[Python-bugs-list] [ python-Bugs-545410 ] corefile: python 2.1.3, zope 2.5.0

noreply@sourceforge.net noreply@sourceforge.net
Thu, 25 Jul 2002 09:11:17 -0700


Bugs item #545410, was opened at 2002-04-17 23:15
You can respond by visiting: 
https://sourceforge.net/tracker/?func=detail&atid=105470&aid=545410&group_id=5470

Category: None
Group: None
Status: Open
Resolution: None
Priority: 5
Submitted By: Geoff Gerrietts (ggerrietts)
Assigned to: Nobody/Anonymous (nobody)
Summary: corefile: python 2.1.3, zope 2.5.0

Initial Comment:
I regularly get a corefile out of Zope 2.5.0, running
on RedHat 6.2 and Python 2.1.3, usually within 5 or 6
page views.

Reproducing the problem requires (for me) starting up
Zope, going to the management interface, and bouncing
around on a few of the different objects. Sometimes the
first attempt to render the page will cause a crash,
but sometimes it takes a few clicks. After the crash,
Zope dumps core and politely restarts itself.

Traceback files are largely the same from one crash to
the next, with the only variation I've noted being the
addresses of variables -- this fits with the fact that
it takes a different number of steps each time.

Traceback files (infuriatingly enough) do not show line
number information for select.so, even though
selectmodule.o was compiled with -g specified.

Examination of the traceback shows that in stack frame
2, print ((PyCFunctionObject *)func) -> m_ml -> ml_name
reveals "select". In that same frame, print ((PyObject
*)arg) -> ob_type -> tp_name yields "Cannot  access
memory at address 0x1f".

One traceback has been provided. Others, and other
info, available on request.

----------------------------------------------------------------------

>Comment By: Jeremy Hylton (jhylton)
Date: 2002-07-25 16:11

Message:
Logged In: YES 
user_id=31392

Are you still having this problem?

If so, I would recommend trying to reproduce the crash with
Zope 2.6 alpha 1 and a Python 2.1.3 or 2.2.1 debug build
(configure --with-pydebug).


----------------------------------------------------------------------

Comment By: Geoff Gerrietts (ggerrietts)
Date: 2002-04-25 00:47

Message:
Logged In: YES 
user_id=66989

MALLOC_CHECK_ didn't do anything different for me. I don't
know what that means exactly, because it definitely SEEMS
like there's some bad memory management going on. Maybe it's
just not bad ENOUGH.

The arg in stackframe 2 is actually NOT in the shared
library space -- the highest shared library address is
actually in the 0x404xxxx range. I'm not sure how the
programs are linked/run, so I'm not sure what 0x405d7ffc
would likely be if it's not shared libraries, though.

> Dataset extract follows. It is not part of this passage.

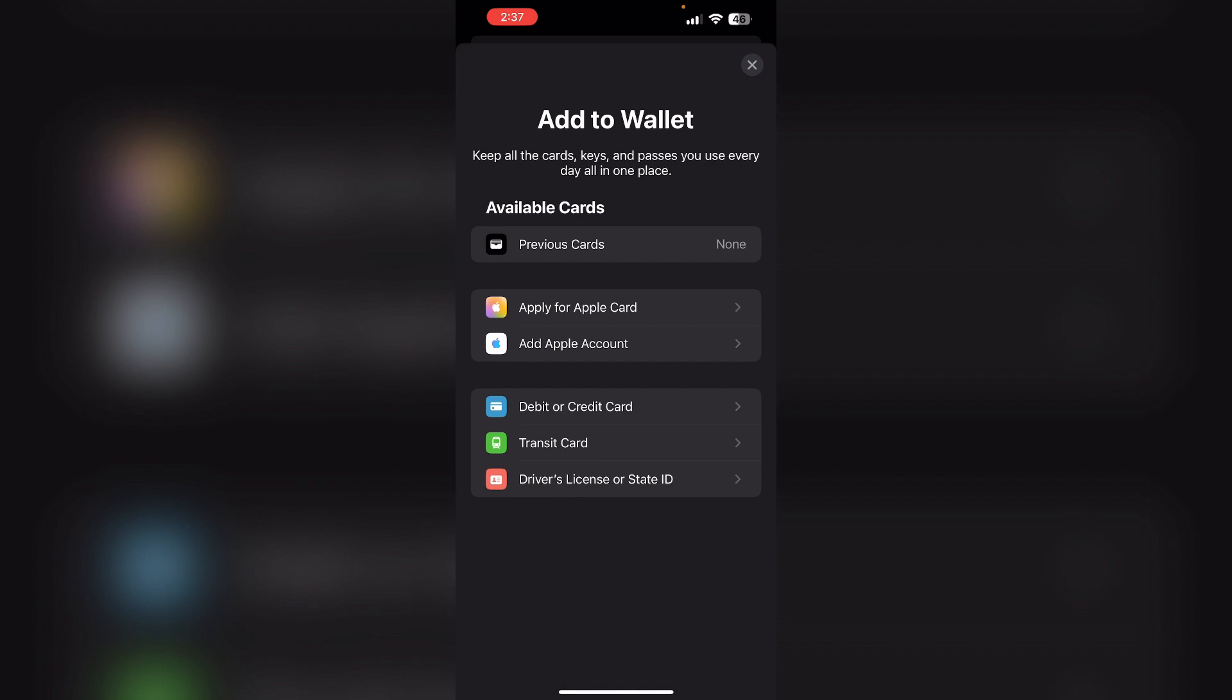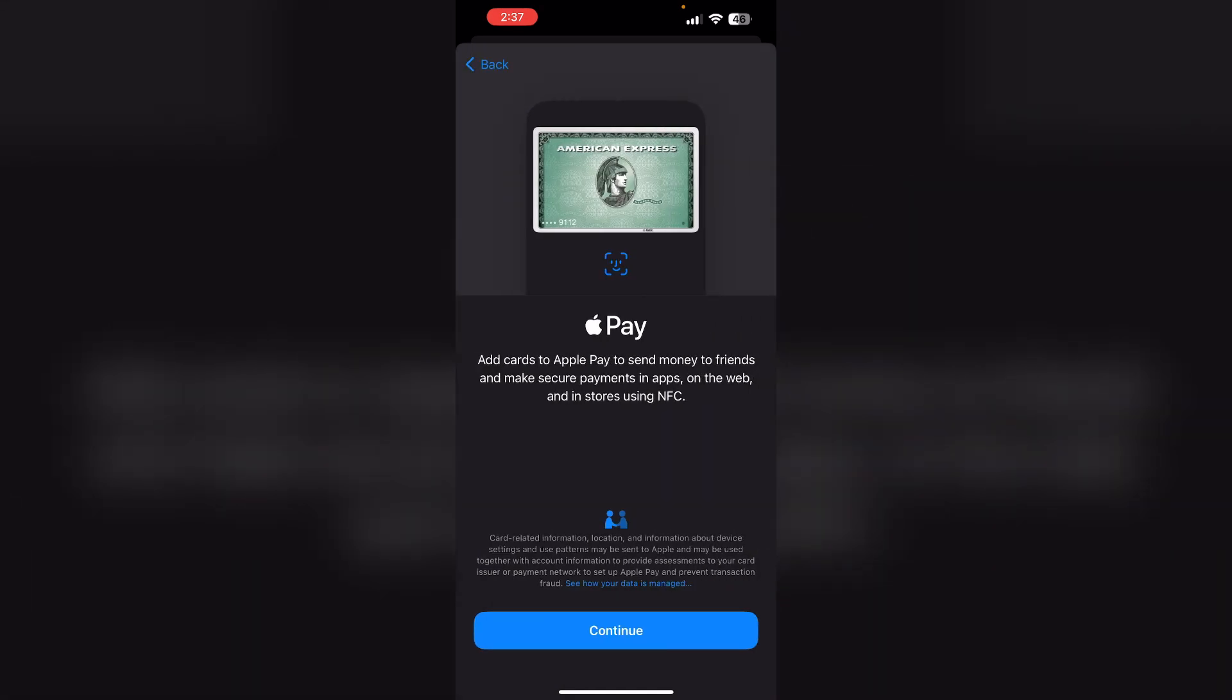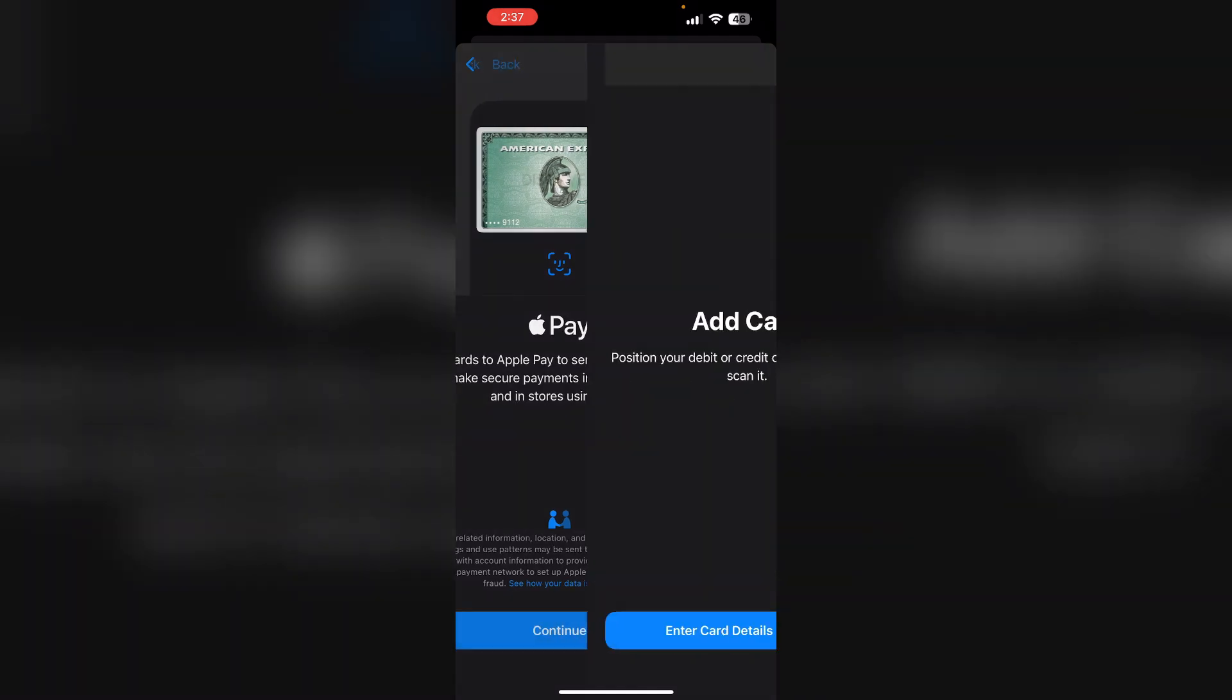Two, open the Wallet app and then tap the button to add a new card. Click on debit or credit card, then continue. Now use your iPhone's camera to scan the Chime card.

I've been looking into (and continue to look into) the
possibility Guido suggested on python-dev, that this is an
overrun of a thread's stack. It seems unlikely, given that
stack threads are allotted 2MB under Linux, but I suppose
anything's possible. The Data.fs in use in this core is
180MB; when compressed, it shrinks to about 90MB. It's a big
site, so overruns are a lot more possible here than in other
places.

I'm going to take a pass at pulling out all the 3rd-party
extension modules, but that's going to be very challenging.
A significant part of the architecture (roughly half,
including authentication) is accessible only through a 3rd
party extension, ILU. My independent testing with ILU
indicates that ILU works acceptably and doesn't cause memory
corruption. Because it's so ingrained into the site, I'm
going to look at doing more thorough testing and more of it,
and I'll try to isolate it so I can test around it, but I
don't think it's reasonable to try to replace it at this
point in time; the engineering effort would be several
weeks.

There are (at least one) other 3rd party module(s) that I'll
be able to rip out or fake up more easily.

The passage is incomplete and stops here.